This page was deleted after a small number of editors claimed the site is not notable and does not have the membership to warrant the page. I would like this reviewed as I believe the site membership exceeds many of the social networking websites listed on Wikipedia. The site also offers features unique to the blogging industry (interactive mapping, advanced journal sharing and contact tree grouping) and I believe those who voted against it did not take the time to review the site.

There are nearly 2000 social networking websites maintaining pages in Wikipedia, many of which do not have anywhere close to the same membership, nor do they offer technology unique to the industry.

I cannot provide a list of current membership as this is confidential, but I can provide a list of URL's to blog homepages as at the end of our initial test month (October 2005) which clearly shows a user base large enough to provide evidence of credibility for both being notable and verifiable.: Calanh 09:51, 10 April 2006 (UTC)[reply]

(moved this ridiculously long list to User:Samuel Blanning/Mylifeoftravel to preserve the flow of this page. --Sam Blanning(talk) 10:31, 10 April 2006 (UTC))[reply]

9 April 2006

Article was put up to deletion at Wikipedia:Articles for deletion/List of news aggregators where there was 64.3% for deletion which is far below what is normally considered standard deletion consensus. Pegasus1138Talk | Contribs | Email ---- 06:24, 9 April 2006 (UTC)[reply]

Of course we don't, we determine it by consensus and I apologize if I wasn't clear that I didn't hold the vote tally to be any form of measurement but even ignoring the vote tally there was not a clear consensus to delete. Pegasus1138Talk | Contribs | Email ---- 09:59, 9 April 2006 (UTC)[reply]

8 April 2006

Wikipedia:Articles for deletion/Joshua Wolf

The article about me, was recently deleted after it was deemed that I am not a notable figure. While that may be true, it's important to note that I have never identified with the name "Joshua Wolf" beyond legal documents and thus, the google searches for that name revealed very little of what I have been involved in throughout my recent years. Had they Googled "Josh Wolf" instead, they would've been offered a very different perspective on myself, and I think it's important for that to be considered.

It seems weird to do so, but I feel that I should list some of my accomplishments in order to better decide whether or not I am a notable person.

The wikipedia article stems from a legal case I am currently involved in pertaining to my rights as an independent journalist and videoblogger, and the footage that I shot during a protest which has since been subpoenad by the Federal Grand Jury.

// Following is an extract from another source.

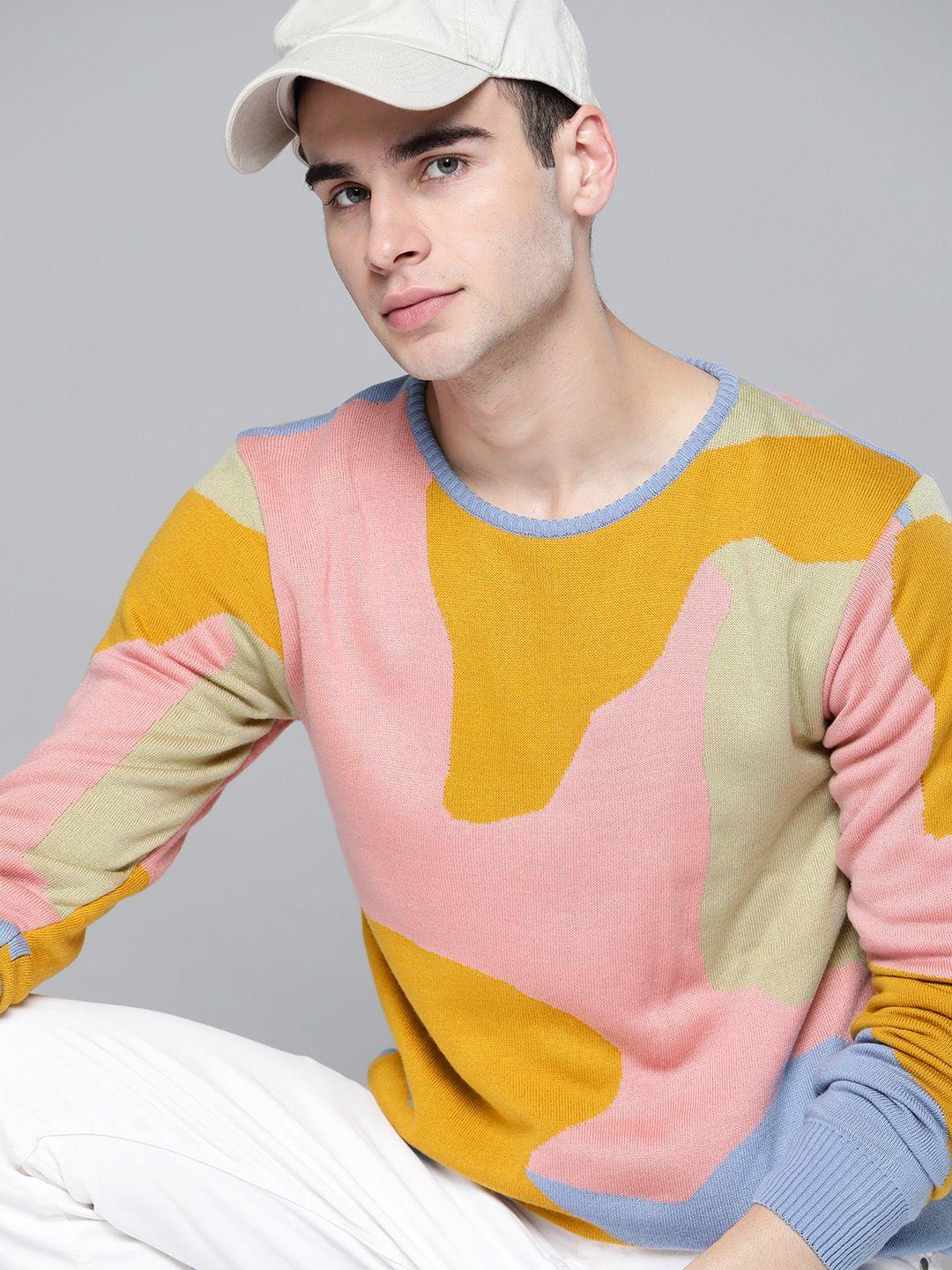 kook n keech men pink & mustard yellow printed pullover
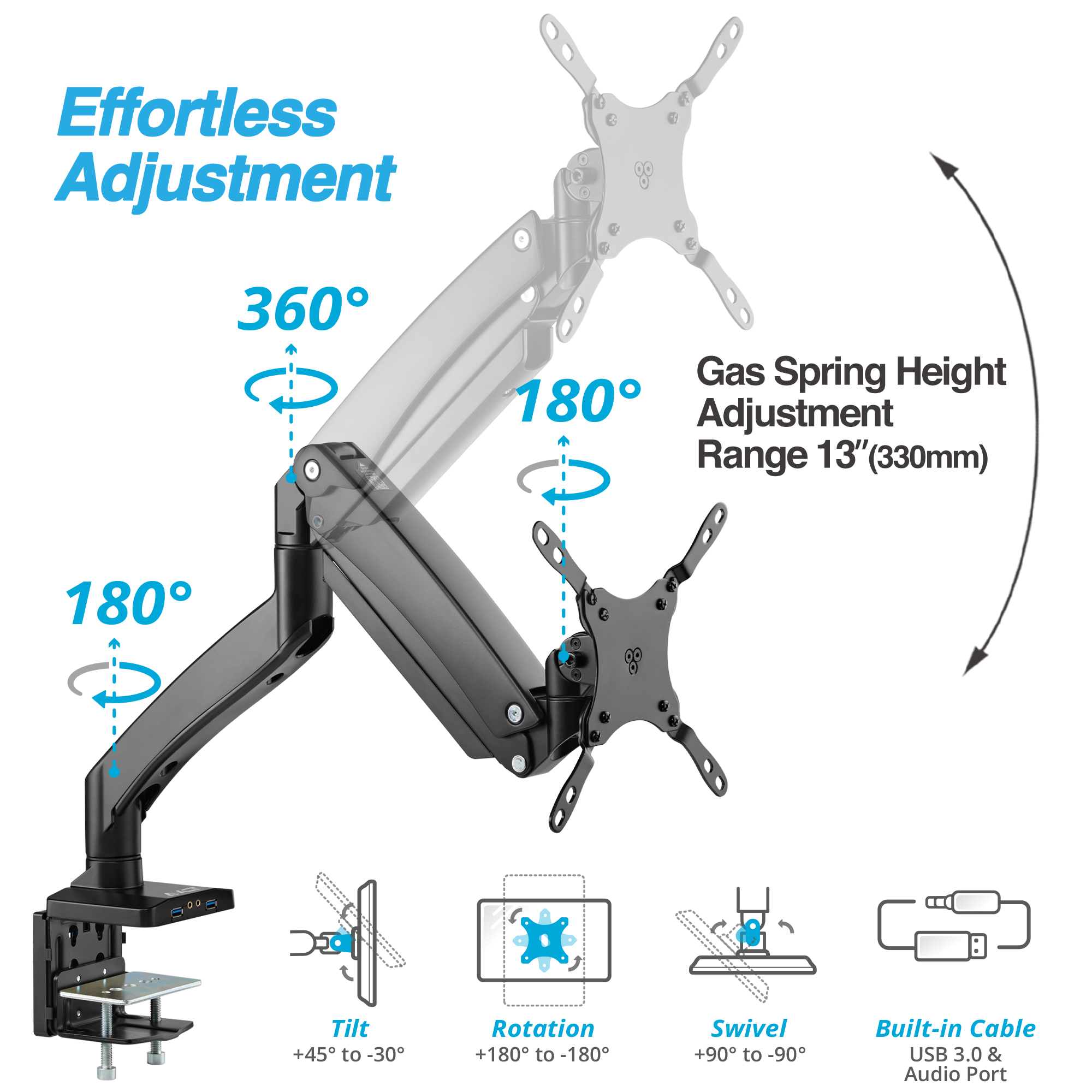 AVLT Single 17”49” Monitor Arm Desk Mount fits One 50.7 lb Heavy Duty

The details of that case can be found here.

I have also maintained a videoblog for over a year, and have been actively involved on Current.TV's website dating back to it's days as INdTV and became their official meetup group organzier (the group is still active with 275 members but is no longer affiliated with Current TV). In part due to my outspoken views of Current's policies both on their message boards and my blog, I was profiled in an article for (http://dir.salon.com/story/news/feature/2005/07/11/goretv/index.html Salon) magazine, and my photograph was featured in [http://flickr.com/photos/69258677@N00/31389600/ TIME) magazine as a critic of Current.

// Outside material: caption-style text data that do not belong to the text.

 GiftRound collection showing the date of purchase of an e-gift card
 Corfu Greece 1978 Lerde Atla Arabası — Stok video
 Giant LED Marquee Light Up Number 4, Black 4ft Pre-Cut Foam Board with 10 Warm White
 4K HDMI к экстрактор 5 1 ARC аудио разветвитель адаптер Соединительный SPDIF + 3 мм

I am also the co-founder of the (http://riseupnetwork.com Rise Up Network) a non-profit media distribution organization still very much in development but focused on online and DVD distribution. — Preceding unsigned comment added by 70.137.146.120 (talkcontribs) 22:42, 8 April 2006 (UTC)[reply]

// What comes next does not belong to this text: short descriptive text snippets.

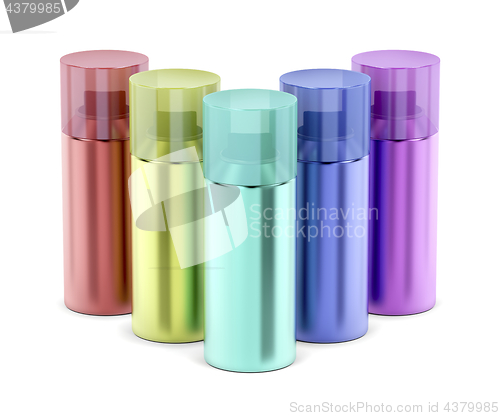 Image of Multicolored aerosol spray cans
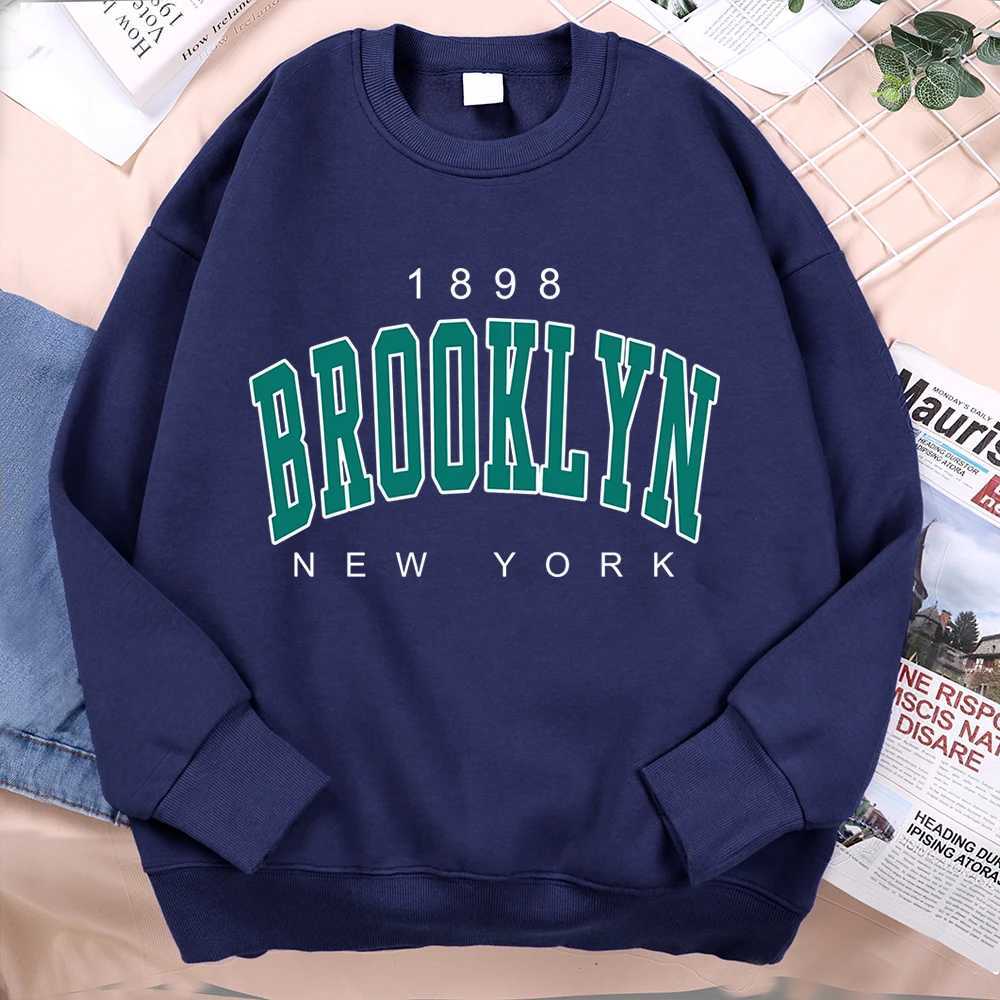 1898 Brooklyn New York printed clothing mens wool sweatshirt fashionable casual loose hoodie autumn cartoon womens hoodie W240921
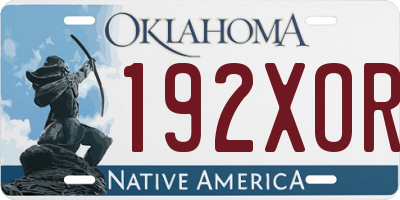 OK license plate 192XOR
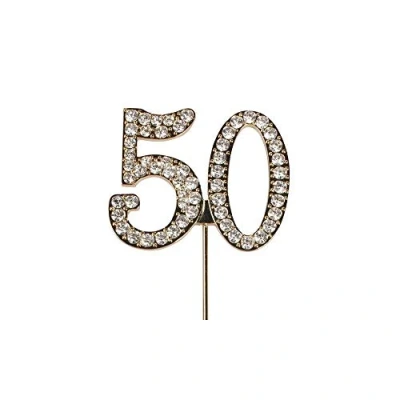 Image of Cake Star Diamante Gold Number, Sparkling Numbers 0 9 on Strong Metal Wire, Baking Decorations for Celebrating a Birthday or Anniversary, Better than Candles, Give Cakes Personal Touch 50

  • Keep deleted One legal case and minor advocacy work do not an enecyclopedic subject make. Pretty much covered at the the AFD. --Calton | Talk 00:22, 9 April 2006 (UTC) (Italicized word added by Swatjester)[reply]
  • Keep deleted This case may very well become notable, but it is still a developing story, really in embryonic form. Additionally, a request from the article's subject is not usually treated as compelling evidence, given obvious bias. Xoloz 17:09, 9 April 2006 (UTC)[reply]
    • To be fair, the subject is pointing out that participants in AfD failed to find information that would have been relevant to the debate, because the article was entitled "Joshua Wolf" rather than the more common "Josh Wolf". Thus the AfD didn't consider the Time and Salon coverage linked to above. You are of course still entitled to hold opinions of notability, but the request has a genuine basis. --bainer (talk) 17:39, 9 April 2006 (UTC)[reply]
  • Endorse deletion per Xoloz. SWATJester Ready Aim Fire! 18:52, 9 April 2006 (UTC)[reply]
  • Relist at AfD There is a small but significant chance that this new evidence will make it be kept. JoshuaZ 18:56, 9 April 2006 (UTC)[reply]
  • Endorse deletion/keep deleted, valid AfD. I userfied this article to User:Joshwolf on 03:38, 9 April 2006 per user request, and since the AfD already resulted in a deletion due to non-notability, I think the article as it currently resides is fine (ie, it doesn't belong in the main articlespace). However, I would note that I didn't perform the userfy request until after he already submitted this DRV, so it could be that this DRV is no longer necessary after the userfication. --Deathphoenix ʕ 02:59, 10 April 2006 (UTC)[reply]
  • Endorse deletion... if the article creater wants to recreate the article, we can debate this shaky evidence on the next AfD. Mangojuice 15:56, 10 April 2006 (UTC)[reply]
  • Endorse deletion per Deathphoenix. Just zis Guy you know? 16:01, 10 April 2006 (UTC)[reply]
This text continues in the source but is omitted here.